So I'm trying to prove that this operator $$ T_n(f)=\int_0^t \cfrac{(t-x)^n}{(n-1)!}f(x)dx $$ is continuous and then calculate its operator norm, provided that
- the operator is a map $E\to E$ with $E=C([0,1],\Bbb R)$, and
- the norm considered on $E$ is the infinite norm.
To prove the continuity I tried to find a $M>0$ such that $\|T_n(f)\|_\infty < M\|f\|_\infty $.
After developing I got to this inequality : $$ ||T_n(f)||_\infty < \int_0^t\sup_{t\in[0,1]} \cfrac{(t-x)^n}{(n-1)!}f(x)dx $$
What I'm trying to do is change the $t$ of the supremum to $x$ so that I could sort the $f(x)$ out and integrate the quantity $\cfrac{(t-x)^n}{(n-1)!}$ to get the required $M$ for the continuity.

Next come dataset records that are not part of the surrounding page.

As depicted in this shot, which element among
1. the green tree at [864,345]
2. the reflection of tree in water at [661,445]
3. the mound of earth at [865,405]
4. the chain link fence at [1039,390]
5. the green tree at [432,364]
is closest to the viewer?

Any tips on how to proceed?
Observe that $$ \int_0^t \cfrac{(t-x)^n}{(n-1)!} dx= \cfrac{t^n}{n!} \,. $$ Therefore
$$\|T_n(f)\|_\infty \le \cfrac{1}{n!} \|f\|_\infty \,,\quad (*)$$ with equality for $f \equiv 1$, so the operator norm of $T_n$ is $\cfrac{1}{n!}$.